> **WORK REQUEST**: Find the line in the entries below that contains "I don't want". Repeat it exactly, and every line after it through the line that contains "Infancia De Tatiana Belinky, A".

Segment Start: SOURCE MATERIAL

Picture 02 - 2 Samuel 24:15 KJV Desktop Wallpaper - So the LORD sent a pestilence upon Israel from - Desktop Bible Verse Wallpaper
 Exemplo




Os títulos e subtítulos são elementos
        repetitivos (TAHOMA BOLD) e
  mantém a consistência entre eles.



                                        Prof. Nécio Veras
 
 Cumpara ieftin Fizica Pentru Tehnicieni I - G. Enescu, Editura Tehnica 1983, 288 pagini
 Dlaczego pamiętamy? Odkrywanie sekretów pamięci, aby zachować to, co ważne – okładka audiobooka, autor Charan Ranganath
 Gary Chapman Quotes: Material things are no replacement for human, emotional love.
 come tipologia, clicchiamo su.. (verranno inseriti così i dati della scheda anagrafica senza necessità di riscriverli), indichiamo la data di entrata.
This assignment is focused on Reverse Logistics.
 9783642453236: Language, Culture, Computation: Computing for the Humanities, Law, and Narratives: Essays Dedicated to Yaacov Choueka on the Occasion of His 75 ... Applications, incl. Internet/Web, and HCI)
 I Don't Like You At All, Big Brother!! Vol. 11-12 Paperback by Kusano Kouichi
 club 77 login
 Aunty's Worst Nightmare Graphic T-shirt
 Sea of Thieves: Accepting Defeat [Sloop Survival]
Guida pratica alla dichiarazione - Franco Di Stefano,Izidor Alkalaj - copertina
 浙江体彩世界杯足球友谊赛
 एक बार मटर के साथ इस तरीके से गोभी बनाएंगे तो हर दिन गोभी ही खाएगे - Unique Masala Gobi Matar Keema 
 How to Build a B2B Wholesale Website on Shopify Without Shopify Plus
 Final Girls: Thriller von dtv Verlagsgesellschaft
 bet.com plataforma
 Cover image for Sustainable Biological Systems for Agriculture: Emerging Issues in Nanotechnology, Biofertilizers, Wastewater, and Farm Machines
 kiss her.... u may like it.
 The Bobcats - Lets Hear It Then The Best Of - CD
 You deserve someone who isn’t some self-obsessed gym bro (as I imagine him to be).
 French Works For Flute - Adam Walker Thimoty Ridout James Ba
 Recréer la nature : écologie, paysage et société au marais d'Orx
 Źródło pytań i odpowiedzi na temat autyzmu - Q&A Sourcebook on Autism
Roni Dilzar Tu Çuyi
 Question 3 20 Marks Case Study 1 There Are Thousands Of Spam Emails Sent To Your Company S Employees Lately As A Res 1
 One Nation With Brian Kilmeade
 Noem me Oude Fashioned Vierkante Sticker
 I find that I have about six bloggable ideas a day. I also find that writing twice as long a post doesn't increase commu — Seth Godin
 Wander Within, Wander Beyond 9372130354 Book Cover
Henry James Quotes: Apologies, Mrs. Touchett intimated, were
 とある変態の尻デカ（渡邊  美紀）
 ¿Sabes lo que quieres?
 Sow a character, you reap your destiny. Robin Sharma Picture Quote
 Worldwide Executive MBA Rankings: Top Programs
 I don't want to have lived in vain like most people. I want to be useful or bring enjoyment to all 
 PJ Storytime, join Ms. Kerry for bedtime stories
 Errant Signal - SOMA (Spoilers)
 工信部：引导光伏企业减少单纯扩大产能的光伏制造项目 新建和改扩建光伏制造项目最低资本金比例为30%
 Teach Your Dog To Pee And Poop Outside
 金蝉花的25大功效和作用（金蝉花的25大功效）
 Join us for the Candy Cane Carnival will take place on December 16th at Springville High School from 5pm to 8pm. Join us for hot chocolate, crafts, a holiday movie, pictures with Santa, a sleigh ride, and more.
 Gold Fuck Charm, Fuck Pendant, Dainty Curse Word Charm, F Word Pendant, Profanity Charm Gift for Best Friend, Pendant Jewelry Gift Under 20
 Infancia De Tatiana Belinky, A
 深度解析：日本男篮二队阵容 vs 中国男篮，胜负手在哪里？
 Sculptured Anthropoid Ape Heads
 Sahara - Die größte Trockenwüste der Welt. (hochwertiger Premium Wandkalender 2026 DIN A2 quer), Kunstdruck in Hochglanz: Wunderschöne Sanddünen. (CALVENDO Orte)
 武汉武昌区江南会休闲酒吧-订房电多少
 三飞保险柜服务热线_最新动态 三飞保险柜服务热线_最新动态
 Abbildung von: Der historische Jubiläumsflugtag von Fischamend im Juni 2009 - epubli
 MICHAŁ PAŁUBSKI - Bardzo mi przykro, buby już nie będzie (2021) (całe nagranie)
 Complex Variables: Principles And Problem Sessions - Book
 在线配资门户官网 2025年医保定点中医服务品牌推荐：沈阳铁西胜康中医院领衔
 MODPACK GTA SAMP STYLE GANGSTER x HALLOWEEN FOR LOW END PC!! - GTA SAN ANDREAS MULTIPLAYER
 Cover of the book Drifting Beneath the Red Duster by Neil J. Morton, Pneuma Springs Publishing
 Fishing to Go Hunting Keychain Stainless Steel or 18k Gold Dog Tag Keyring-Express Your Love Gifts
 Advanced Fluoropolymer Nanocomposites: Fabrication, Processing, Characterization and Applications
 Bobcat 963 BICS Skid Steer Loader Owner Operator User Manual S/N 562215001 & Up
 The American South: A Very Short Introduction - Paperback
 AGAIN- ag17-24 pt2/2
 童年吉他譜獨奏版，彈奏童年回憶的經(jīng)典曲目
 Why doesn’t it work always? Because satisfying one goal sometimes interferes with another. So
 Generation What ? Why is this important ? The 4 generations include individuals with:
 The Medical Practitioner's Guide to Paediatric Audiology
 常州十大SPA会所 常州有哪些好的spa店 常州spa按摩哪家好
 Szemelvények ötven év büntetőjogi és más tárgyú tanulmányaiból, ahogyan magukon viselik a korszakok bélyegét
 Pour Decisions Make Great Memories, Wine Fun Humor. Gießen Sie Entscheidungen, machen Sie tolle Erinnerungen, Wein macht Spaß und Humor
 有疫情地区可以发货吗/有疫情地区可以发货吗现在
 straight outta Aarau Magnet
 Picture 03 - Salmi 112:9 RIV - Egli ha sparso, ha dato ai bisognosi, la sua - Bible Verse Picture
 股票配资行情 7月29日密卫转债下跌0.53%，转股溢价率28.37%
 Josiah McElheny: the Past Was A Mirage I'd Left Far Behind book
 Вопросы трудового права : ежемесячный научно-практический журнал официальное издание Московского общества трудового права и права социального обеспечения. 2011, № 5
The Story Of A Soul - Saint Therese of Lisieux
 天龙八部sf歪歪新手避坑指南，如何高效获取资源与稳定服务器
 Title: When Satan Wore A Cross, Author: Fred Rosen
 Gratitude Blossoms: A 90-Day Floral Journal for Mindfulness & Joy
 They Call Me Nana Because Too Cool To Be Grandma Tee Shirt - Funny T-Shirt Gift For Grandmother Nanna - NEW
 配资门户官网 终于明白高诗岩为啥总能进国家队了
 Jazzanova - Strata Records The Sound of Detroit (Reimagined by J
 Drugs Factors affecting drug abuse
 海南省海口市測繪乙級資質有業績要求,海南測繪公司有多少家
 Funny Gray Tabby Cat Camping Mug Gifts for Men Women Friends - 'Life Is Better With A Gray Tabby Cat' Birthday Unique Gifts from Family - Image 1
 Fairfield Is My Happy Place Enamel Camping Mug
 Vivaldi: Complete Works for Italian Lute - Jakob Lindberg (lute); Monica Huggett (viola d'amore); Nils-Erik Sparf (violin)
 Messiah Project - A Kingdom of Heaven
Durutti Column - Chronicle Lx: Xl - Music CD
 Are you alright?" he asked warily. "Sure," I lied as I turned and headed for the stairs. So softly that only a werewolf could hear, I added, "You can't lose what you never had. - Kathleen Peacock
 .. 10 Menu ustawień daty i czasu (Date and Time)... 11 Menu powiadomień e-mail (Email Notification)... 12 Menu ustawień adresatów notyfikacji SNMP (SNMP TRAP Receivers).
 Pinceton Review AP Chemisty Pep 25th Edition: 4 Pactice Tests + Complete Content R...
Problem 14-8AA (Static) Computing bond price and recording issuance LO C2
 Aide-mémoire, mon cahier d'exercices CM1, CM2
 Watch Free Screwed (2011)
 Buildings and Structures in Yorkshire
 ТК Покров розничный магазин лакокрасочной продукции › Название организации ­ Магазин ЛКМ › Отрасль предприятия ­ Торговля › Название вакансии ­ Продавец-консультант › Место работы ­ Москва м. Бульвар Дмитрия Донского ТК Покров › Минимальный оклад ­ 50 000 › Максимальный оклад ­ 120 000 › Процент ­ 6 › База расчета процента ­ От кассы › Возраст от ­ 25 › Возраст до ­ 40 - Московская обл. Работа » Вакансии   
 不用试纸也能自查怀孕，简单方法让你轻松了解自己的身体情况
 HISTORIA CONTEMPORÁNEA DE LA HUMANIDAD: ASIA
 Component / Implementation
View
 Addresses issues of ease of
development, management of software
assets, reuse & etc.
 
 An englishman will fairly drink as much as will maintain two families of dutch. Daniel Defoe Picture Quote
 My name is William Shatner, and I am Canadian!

Segment End: SOURCE MATERIAL

> **RESPONSE**:
 I don't want to have lived in vain like most people. I want to be useful or bring enjoyment to all 
 PJ Storytime, join Ms. Kerry for bedtime stories
 Errant Signal - SOMA (Spoilers)
 工信部：引导光伏企业减少单纯扩大产能的光伏制造项目 新建和改扩建光伏制造项目最低资本金比例为30%
 Teach Your Dog To Pee And Poop Outside
 金蝉花的25大功效和作用（金蝉花的25大功效）
 Join us for the Candy Cane Carnival will take place on December 16th at Springville High School from 5pm to 8pm. Join us for hot chocolate, crafts, a holiday movie, pictures with Santa, a sleigh ride, and more.
 Gold Fuck Charm, Fuck Pendant, Dainty Curse Word Charm, F Word Pendant, Profanity Charm Gift for Best Friend, Pendant Jewelry Gift Under 20
 Infancia De Tatiana Belinky, A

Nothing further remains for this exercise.